» **Exercise materials**:
* * *

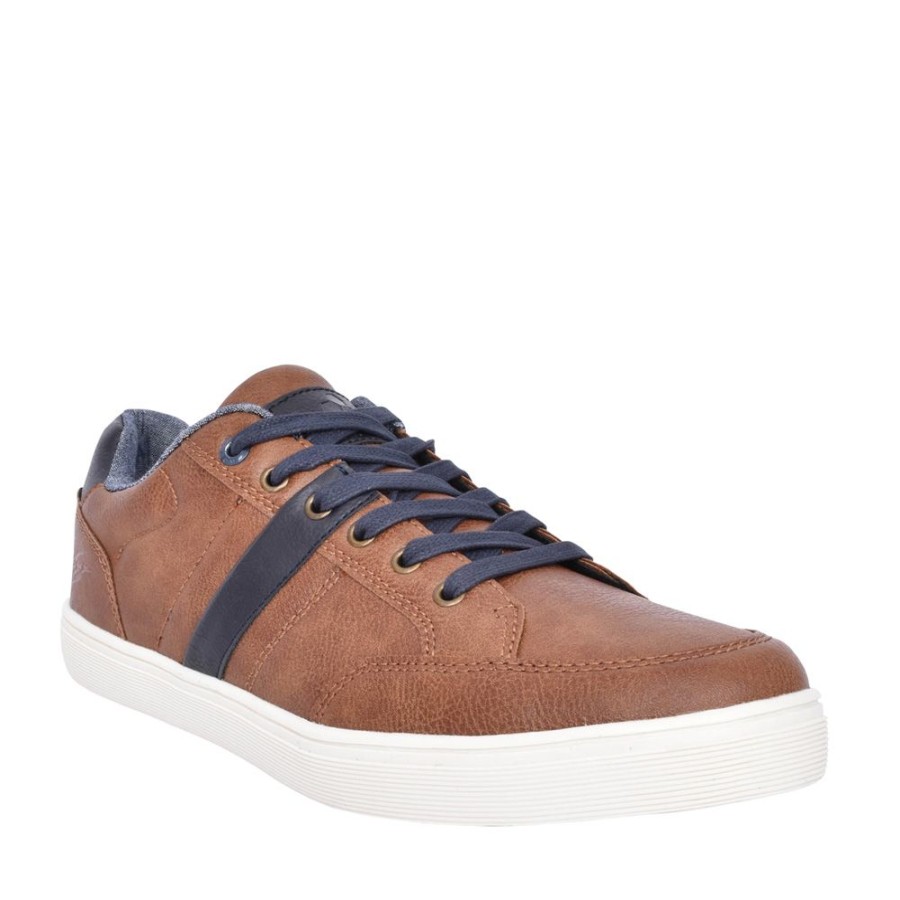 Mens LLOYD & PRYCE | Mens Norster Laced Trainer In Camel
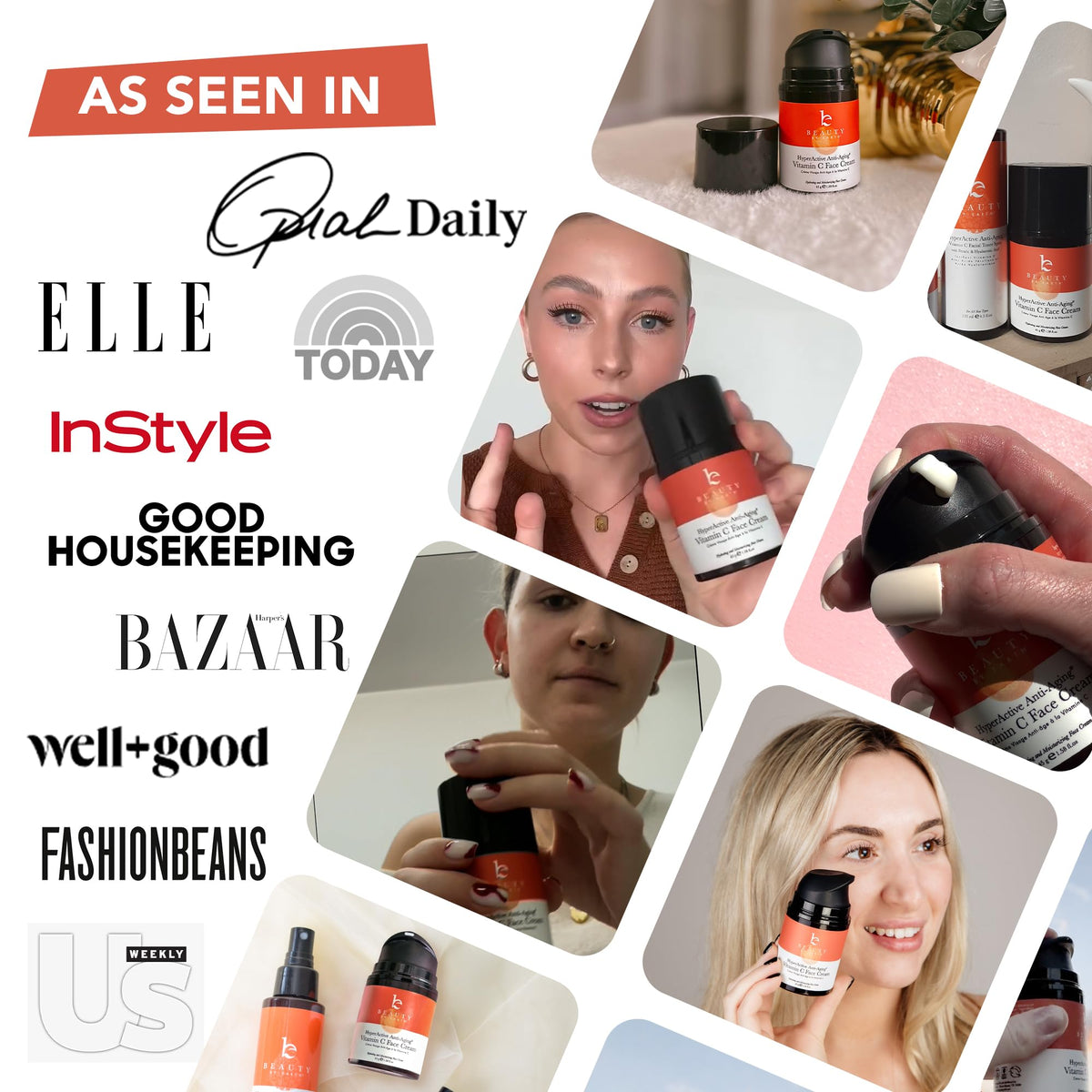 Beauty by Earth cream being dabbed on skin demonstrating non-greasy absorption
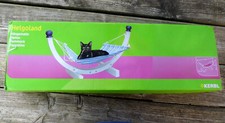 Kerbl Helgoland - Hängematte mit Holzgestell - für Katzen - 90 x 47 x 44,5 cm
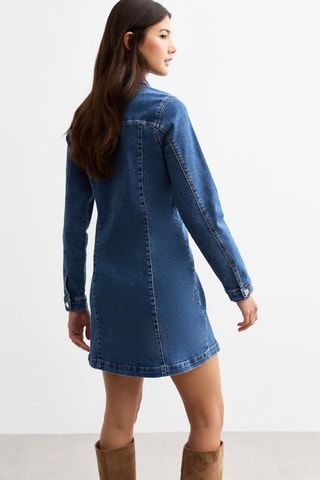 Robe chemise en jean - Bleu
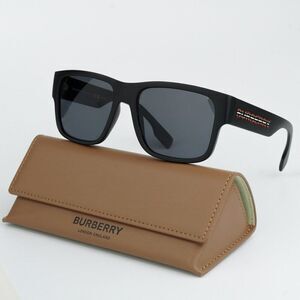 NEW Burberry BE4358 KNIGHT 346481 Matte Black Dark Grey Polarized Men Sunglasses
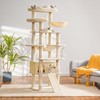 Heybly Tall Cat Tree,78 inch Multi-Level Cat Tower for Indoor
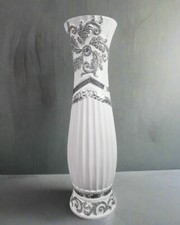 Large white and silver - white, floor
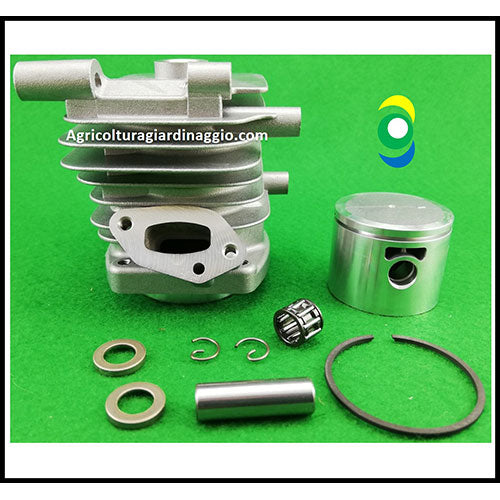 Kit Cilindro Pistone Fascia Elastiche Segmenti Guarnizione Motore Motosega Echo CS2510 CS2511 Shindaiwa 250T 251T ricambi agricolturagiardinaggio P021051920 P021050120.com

* * *

» **What to produce**:
For this copy, leave pictures out and reproduce the lines from the one bearing "Large white and silver - white, floor" through the final line of the listing above, both ends included.

» **Answer below**:
 Large white and silver - white, floor
 Kit Cilindro Pistone Fascia Elastiche Segmenti Guarnizione Motore Motosega Echo CS2510 CS2511 Shindaiwa 250T 251T ricambi agricolturagiardinaggio P021051920 P021050120.com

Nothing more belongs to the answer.